Douglas Gordon – back and forth and forth and back
back and forth and forth and back
November 14, 2017 – February 3, 2018
If you want to find the truth in something, take it apart piece by piece, then put it back together with the detail of a forensic scientist. This is a classical way to deconstruct a narrative. However, when you stand in front of 24 Hour Psycho (1993) slowly unfolding piece by piece, after five minutes, you’ve lost track of where the narrative started. I like this idea that you can take almost a scientific method and end up lost in a labyrinth of multiple, conflicting meanings, and that you have to acknowledge your own forgetfulness.
Gagosian is pleased to present “back and forth and forth and back,” an exhibition of key films and videos by Douglas Gordon, including 24 Hour Psycho Back and Forth and To and Fro (2008), as well as a selection of video monitor works.
In his projections, installations, photographs, text works, performances, and more, Gordon investigates collective memory and selfhood, whether divided, fragmented, or dissolved altogether. His interest in temporal manipulation is especially evident in his films and videos; using his own work and that of others as raw material, he distorts time in order to disorient and challenge.

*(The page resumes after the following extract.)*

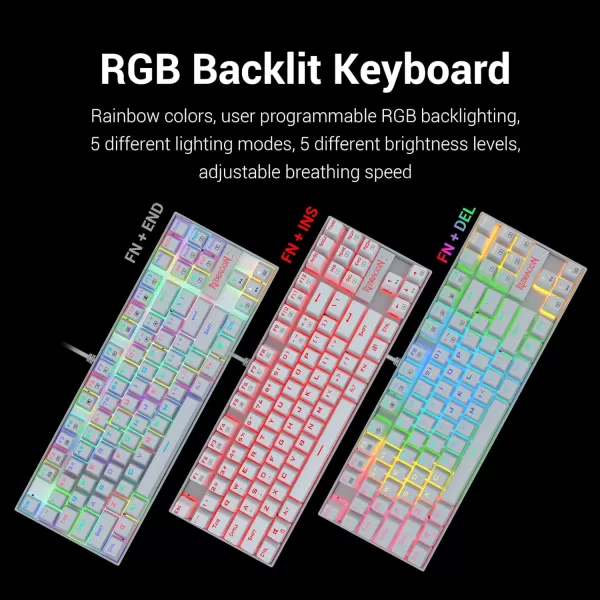 Redragon K552 Mechanical Gaming Keyboard RGB LED Backlit Wired with AntiDust Proof Switches for Windows PC White 87 Key Brown Switches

For 24 Hour Psycho Back and Forth and To and Fro (2008), Gordon exacerbates the already unsettling plot of Alfred Hitchcock’s iconic thriller Psycho (1960) by allowing time to flow forward and backward at the same time. While Gordon’s earlier 24 Hour Psycho (1993) slowed down Hitchcock’s original to a few frames per second, extending the duration of the film to 24 hours, 24 Hour Psycho Back and Forth and To and Fro introduces an additional layer of distortion. The film plays on two adjoining screens: on one, the film starts from the beginning, and on the other it starts from the end, so that for an unbearably brief moment (one twenty-fourth of a second), after waiting for twelve hours, the screens show the same sequence, the mirrored images resembling a giant, slow-moving Rorschach test.
Using edited footage as a malleable resource, Douglas Gordon sets up new definitions of suspense and climax. Rather than waiting for Janet Leigh’s killer to appear in silhouette, knife in hand, behind her, viewers of Gordon’s film enter a hypnotic and photographic spectacle with the hope of simply catching the split second when two temporal directions overlap.